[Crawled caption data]

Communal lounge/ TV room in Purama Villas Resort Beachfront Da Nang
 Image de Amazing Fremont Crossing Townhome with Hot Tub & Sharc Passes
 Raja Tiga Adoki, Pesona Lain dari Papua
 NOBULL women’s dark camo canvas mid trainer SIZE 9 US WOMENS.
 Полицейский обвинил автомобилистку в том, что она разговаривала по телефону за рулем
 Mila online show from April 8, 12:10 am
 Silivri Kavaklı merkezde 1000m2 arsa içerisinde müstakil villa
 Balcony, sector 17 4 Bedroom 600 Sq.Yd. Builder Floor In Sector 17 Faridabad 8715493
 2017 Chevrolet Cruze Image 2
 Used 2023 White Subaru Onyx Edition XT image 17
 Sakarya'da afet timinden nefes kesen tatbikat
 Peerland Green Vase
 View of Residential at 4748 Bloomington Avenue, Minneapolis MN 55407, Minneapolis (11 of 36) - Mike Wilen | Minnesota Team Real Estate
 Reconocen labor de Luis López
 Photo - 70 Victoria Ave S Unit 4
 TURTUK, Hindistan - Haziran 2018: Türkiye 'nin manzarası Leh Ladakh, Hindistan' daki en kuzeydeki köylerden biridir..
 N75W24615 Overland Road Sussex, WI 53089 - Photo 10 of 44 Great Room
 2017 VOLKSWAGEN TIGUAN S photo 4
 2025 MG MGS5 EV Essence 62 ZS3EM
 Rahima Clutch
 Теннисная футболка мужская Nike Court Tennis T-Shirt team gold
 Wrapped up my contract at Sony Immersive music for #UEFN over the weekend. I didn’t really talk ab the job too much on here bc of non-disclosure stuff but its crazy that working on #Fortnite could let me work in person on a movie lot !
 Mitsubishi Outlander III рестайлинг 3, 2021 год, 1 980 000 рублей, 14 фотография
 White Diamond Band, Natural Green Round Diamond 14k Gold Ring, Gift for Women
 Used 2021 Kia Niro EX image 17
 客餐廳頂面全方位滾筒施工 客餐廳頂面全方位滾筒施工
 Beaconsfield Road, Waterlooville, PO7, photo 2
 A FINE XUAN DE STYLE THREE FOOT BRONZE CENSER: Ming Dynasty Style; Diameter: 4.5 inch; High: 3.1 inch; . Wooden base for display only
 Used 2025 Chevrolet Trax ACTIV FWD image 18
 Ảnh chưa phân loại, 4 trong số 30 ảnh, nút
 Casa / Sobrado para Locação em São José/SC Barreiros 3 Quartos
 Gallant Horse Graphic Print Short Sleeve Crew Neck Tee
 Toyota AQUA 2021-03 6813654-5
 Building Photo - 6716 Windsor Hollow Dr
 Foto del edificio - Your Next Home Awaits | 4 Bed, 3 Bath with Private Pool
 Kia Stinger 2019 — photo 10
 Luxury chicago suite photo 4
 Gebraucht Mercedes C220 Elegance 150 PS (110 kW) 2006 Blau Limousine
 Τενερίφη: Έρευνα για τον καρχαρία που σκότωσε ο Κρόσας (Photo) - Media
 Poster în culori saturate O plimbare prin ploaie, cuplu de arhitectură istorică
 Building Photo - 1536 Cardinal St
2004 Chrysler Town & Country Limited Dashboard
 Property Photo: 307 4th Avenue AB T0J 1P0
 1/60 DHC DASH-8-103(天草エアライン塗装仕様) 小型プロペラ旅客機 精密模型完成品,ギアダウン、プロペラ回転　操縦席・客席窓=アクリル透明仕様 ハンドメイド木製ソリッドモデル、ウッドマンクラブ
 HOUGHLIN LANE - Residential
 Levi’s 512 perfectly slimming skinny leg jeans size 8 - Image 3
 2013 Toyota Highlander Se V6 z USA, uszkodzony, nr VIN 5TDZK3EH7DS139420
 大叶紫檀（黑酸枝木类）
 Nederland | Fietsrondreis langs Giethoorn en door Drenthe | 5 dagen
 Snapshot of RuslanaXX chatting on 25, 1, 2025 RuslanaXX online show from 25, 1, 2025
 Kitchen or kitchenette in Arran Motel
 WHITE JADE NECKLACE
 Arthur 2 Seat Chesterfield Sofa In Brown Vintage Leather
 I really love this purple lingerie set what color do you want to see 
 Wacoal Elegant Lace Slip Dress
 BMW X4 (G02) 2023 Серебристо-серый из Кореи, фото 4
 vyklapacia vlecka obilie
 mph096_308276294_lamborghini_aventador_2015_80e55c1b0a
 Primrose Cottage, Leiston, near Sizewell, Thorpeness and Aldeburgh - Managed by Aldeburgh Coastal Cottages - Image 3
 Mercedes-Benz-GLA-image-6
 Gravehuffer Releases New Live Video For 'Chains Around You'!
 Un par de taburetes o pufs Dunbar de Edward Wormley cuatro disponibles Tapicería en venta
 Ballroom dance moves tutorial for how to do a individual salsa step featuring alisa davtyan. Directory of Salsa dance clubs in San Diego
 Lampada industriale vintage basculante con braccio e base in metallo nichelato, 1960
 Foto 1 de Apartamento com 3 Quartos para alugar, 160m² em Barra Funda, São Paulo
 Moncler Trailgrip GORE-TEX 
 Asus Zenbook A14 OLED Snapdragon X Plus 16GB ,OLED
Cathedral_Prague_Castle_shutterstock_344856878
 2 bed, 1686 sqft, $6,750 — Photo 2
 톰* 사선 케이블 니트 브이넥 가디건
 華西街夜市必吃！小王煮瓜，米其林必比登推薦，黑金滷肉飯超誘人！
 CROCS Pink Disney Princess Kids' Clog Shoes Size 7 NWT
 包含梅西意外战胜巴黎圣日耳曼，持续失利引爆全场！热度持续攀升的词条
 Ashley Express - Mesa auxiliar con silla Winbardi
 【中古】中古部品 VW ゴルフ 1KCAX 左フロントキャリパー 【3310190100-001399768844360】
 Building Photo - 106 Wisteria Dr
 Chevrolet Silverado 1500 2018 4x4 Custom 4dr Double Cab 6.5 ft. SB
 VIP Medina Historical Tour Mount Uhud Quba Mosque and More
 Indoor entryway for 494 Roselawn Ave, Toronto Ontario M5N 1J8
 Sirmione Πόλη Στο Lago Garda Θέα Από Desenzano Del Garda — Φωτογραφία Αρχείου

** Problem requirements **
Count every line that holds the word "really" in the entries, and state the result alone.

** Solution **
2